> _Dataset excerpts_:
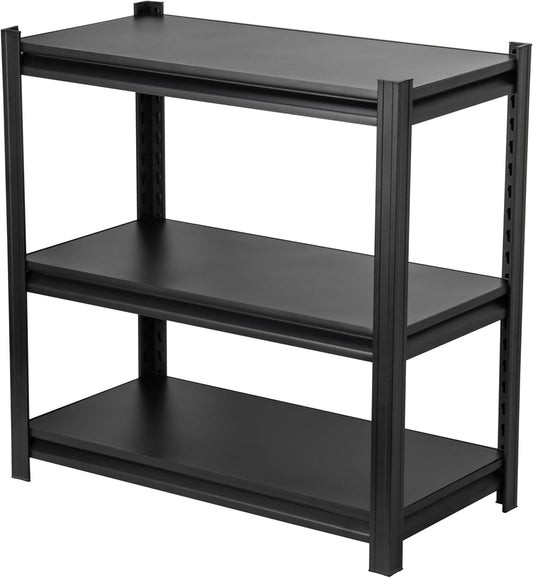 Metal Garage Shelving Unit, Heavy Duty 3-Tier 1050 LBS Loads Adjustable Storage Rack Garage Storage Shelves, Industrial Utility Shelf for Garages, Warehouses, Kitchen, Black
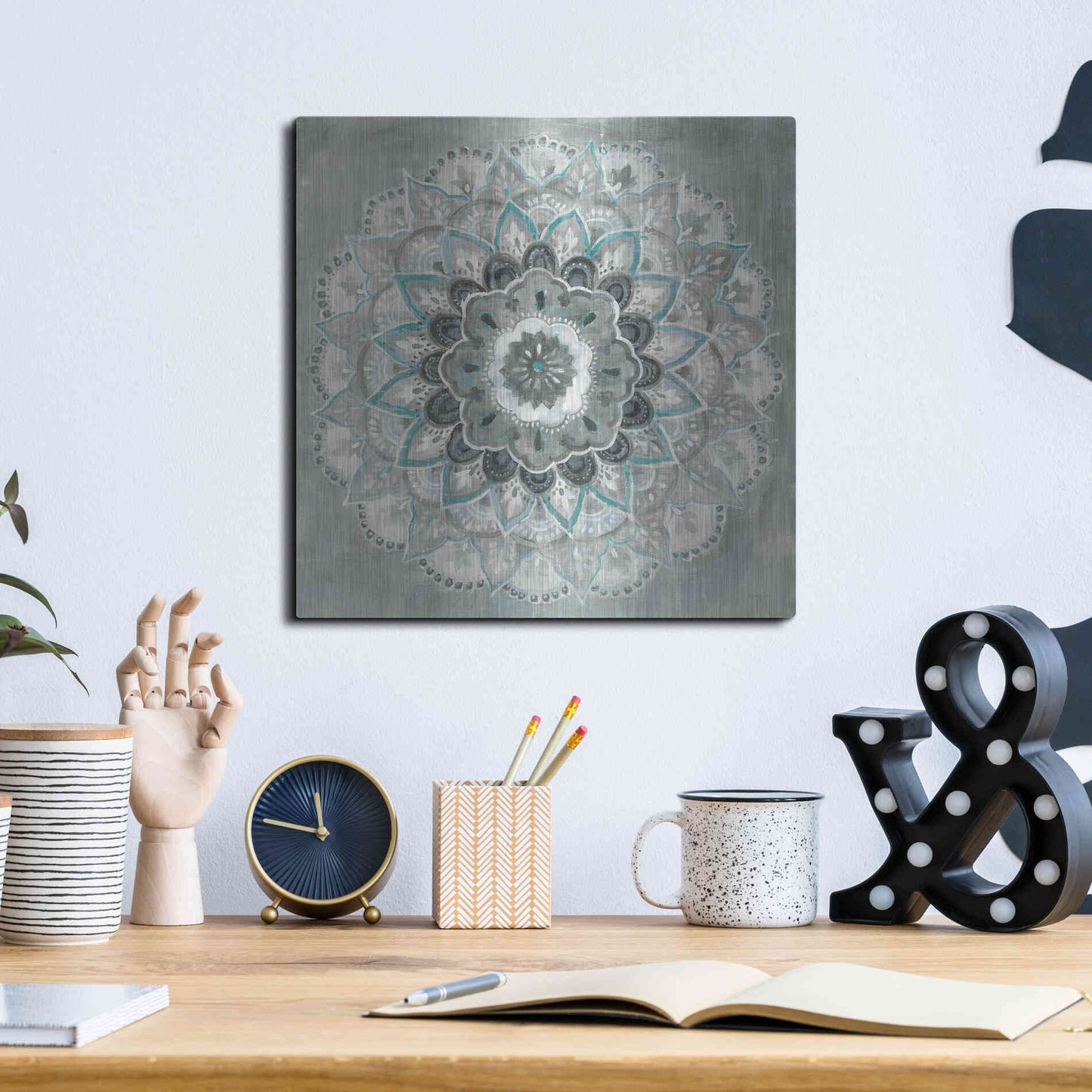 Luxe Metal Art 'Teal Sunburst' by Danhui Nai, Metal Wall Art,12x12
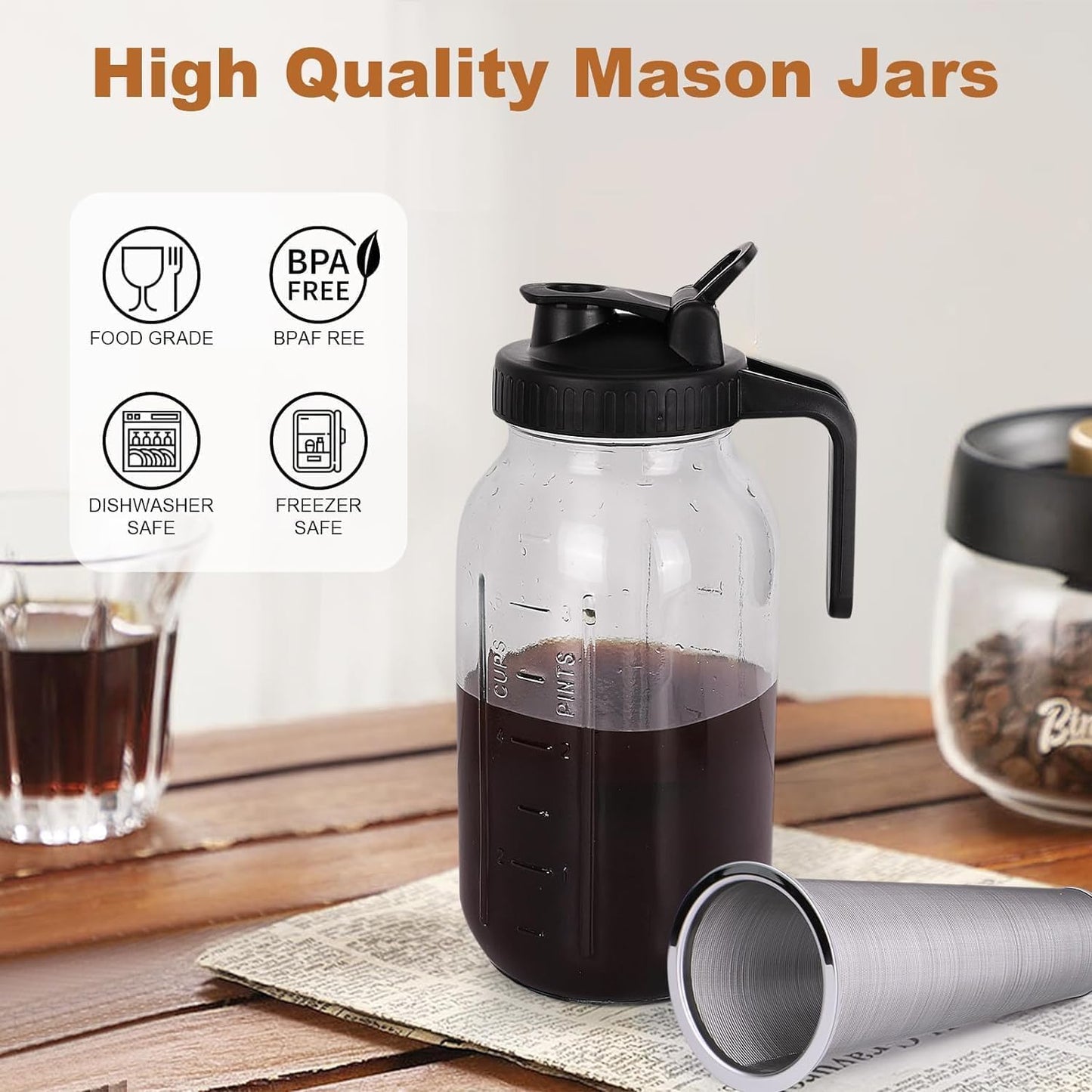 Cold Brew Kaffeebereiter mit Edelstahlfilter, 64oz Schwarz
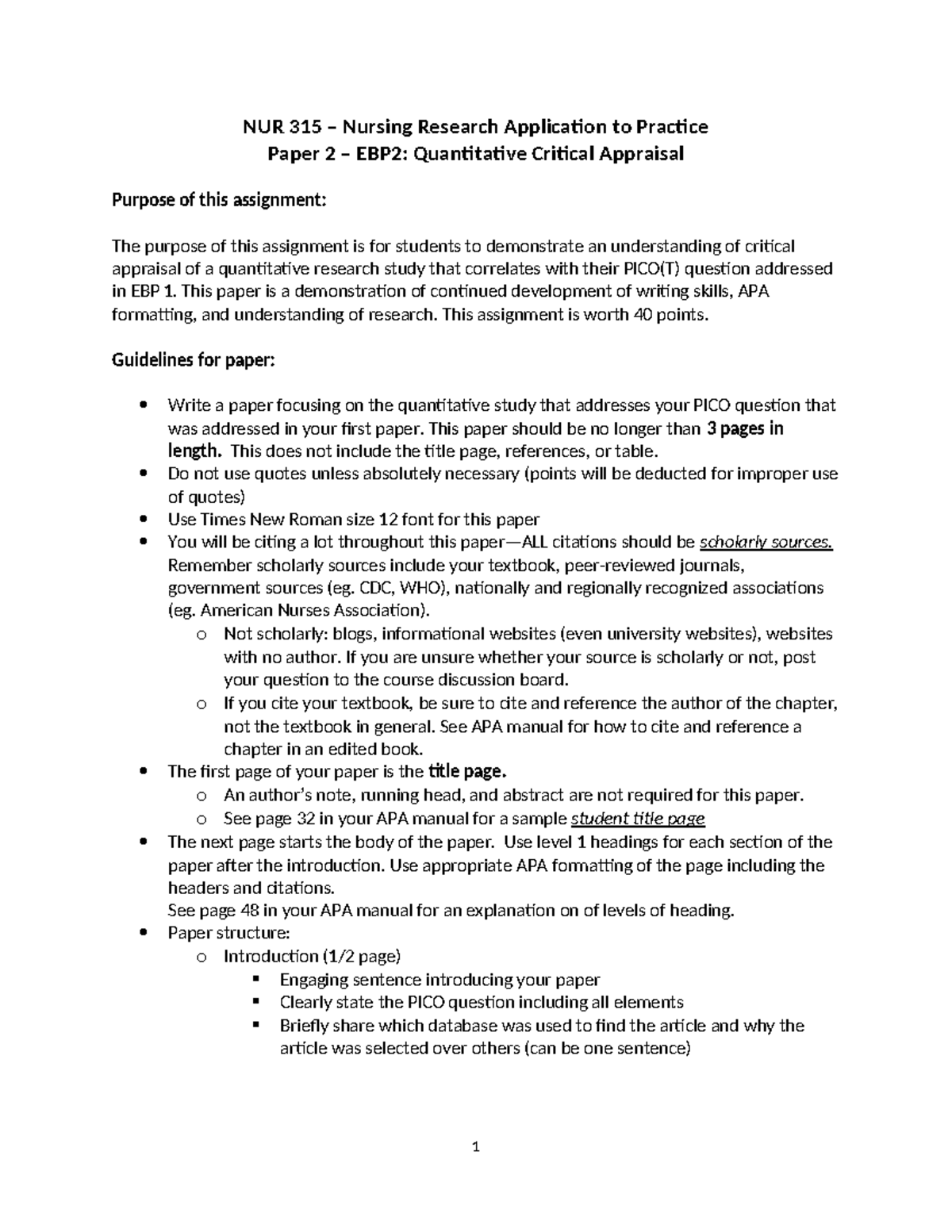 NUR 315 study guide - NUR 315 – Nursing Research Application to ...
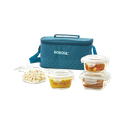BOROSIL Teal Universal Bag, 4 Pc (320ml x 2 Square + 240ml x 2 Round) Office Tiifin 4 Containers Glass Office Lunch Box (1120 ml)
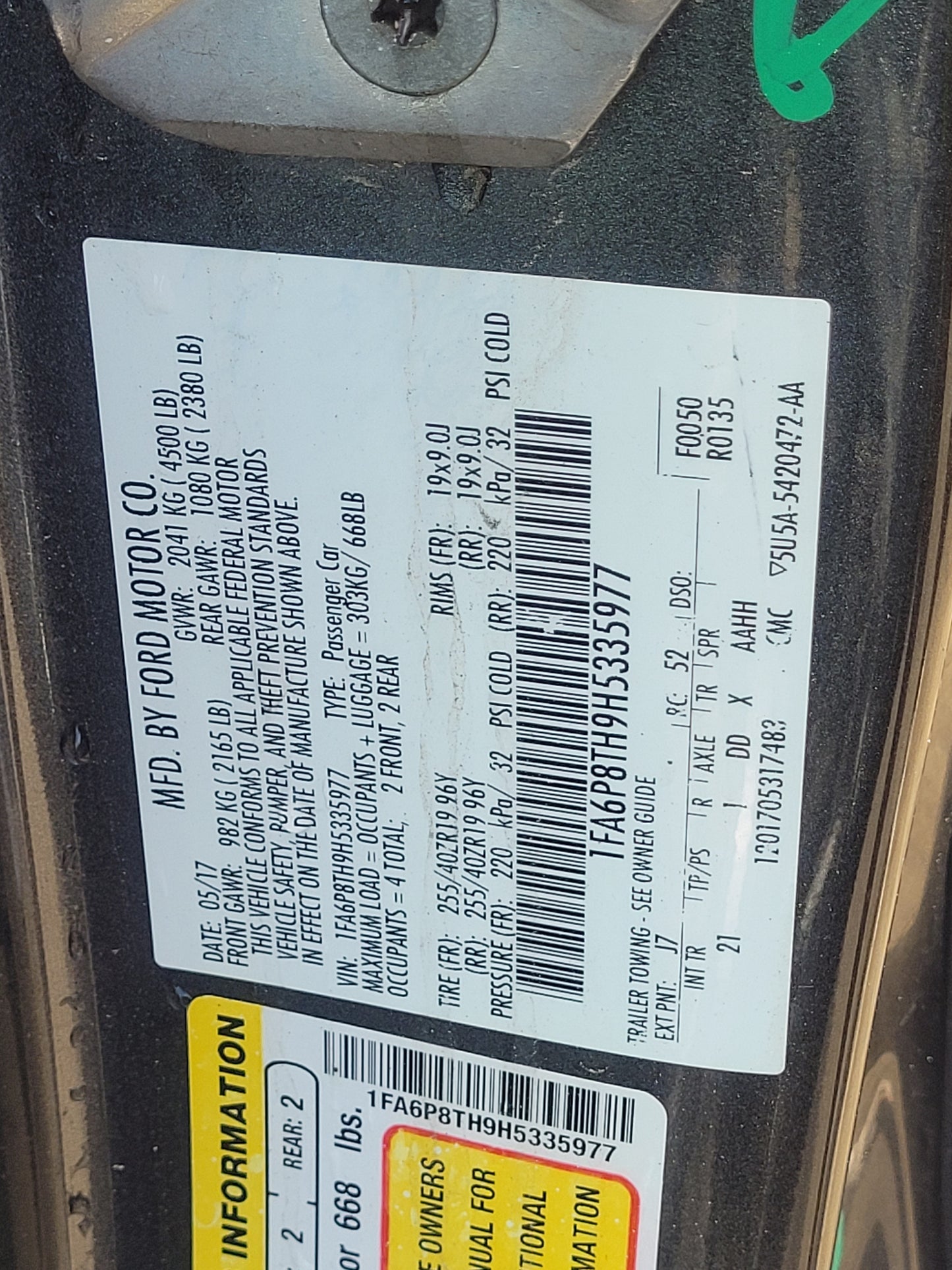 Stock 2652. 2017 Ford Mustang EcoBoost Roller Frame Coupe Clean Title Shell Paint J7 57k - The Parts Farm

> _Work item_:
With the images omitted, output all entries exactly as given.

> _Output of the exercise_:
 Metal Garage Shelving Unit, Heavy Duty 3-Tier 1050 LBS Loads Adjustable Storage Rack Garage Storage Shelves, Industrial Utility Shelf for Garages, Warehouses, Kitchen, Black
 Luxe Metal Art 'Teal Sunburst' by Danhui Nai, Metal Wall Art,12x12
 Cold Brew Kaffeebereiter mit Edelstahlfilter, 64oz Schwarz
 NUR 315 study guide - NUR 315 – Nursing Research Application to ...
BOROSIL Teal Universal Bag, 4 Pc (320ml x 2 Square + 240ml x 2 Round) Office Tiifin 4 Containers Glass Office Lunch Box (1120 ml)
 Stock 2652. 2017 Ford Mustang EcoBoost Roller Frame Coupe Clean Title Shell Paint J7 57k - The Parts Farm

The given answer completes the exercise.